“We understood that if we offered bribes, we could survive. But if we didn’t, our company would likely die,” said Alibaba founder Jack Ma
As the internet bubble burst in 2002, Alibaba faced a tough decision.
It set a goal of making $1 in profit. It would die if the goal wasn’t achieved. At the time, in order to make money, it offered web design services to clients. And in order to snag clients, it would have to offer bribes.
Alibaba held an all-day meeting to discuss this. “We understood that if we offered bribes, we could survive. But if we didn’t, our company would likely die,” said Alibaba founder Jack Ma in a recorded speech to the Honour International Symposium in Singapore.
“We met until 4pm and finally decided: we will never offer bribes. We would rather close down the company than operate without integrity.”
It worked out nonetheless, and they made a profit that year.
However, by the end of 2002, they faced another big decision.

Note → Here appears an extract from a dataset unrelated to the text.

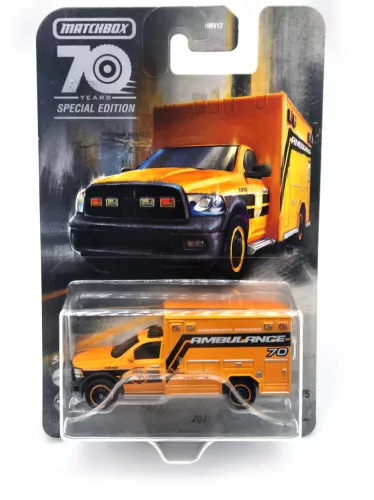 Matchbox 70 years Special Edition - 5/5 - RAM Ambulance (2019) - Matchbox - 1:64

At the year-end review, they discovered that two employees accounted for over 60 percent of the entire group’s sales. It was too good to be true: they had achieved that by giving kickbacks.
Ma faced a dilemma. “If we fire them immediately, the company will not have profit. If we do not kick these two employees out, then what does this signify about us? It would imply that our words are empty.”
“So we finally decided to let these two employees go.”
Integrity leads to success
Integrity is embedded into Alibaba’s culture and everyday practices from day one. In fact, Ma argued this is critical to its success.
“When Alibaba was founded, we were in a very difficult situation. We had nothing. Nobody believed in what we did. Everyone said we were lunatics or cheats,” recalled Ma.
What grew the company was not money or talent but its values: customers-first, team spirit, and integrity. Being transparent with customers helped convert them into long-term clients.
Alibaba started charging annual fees to help Chinese companies with their overseas orders. However, the companies’ transaction value did not exceed the annual fees after a year.
“Our staff felt heartbroken and felt like they’ve let their clients down. During the end-of-year visit, the staff spoke to them with honesty: ‘ecommerce will have a great future, but the results may not be instant. Perhaps you can get a refund and not sign up next year,’” said Ma.
The clients reacted positively. They understood that it takes time for people to warm up to ecommerce. Many of them are still Alibaba’s customers today.
Since then, the rule “do not bribe” has been set in stone in Alibaba’s code of conduct for staff. There’s no compromise – break the rule and you’re expelled immediately.
As Alibaba grew successful, bribes flowed the other way. The company set new rules forbidding staff from taking kickbacks.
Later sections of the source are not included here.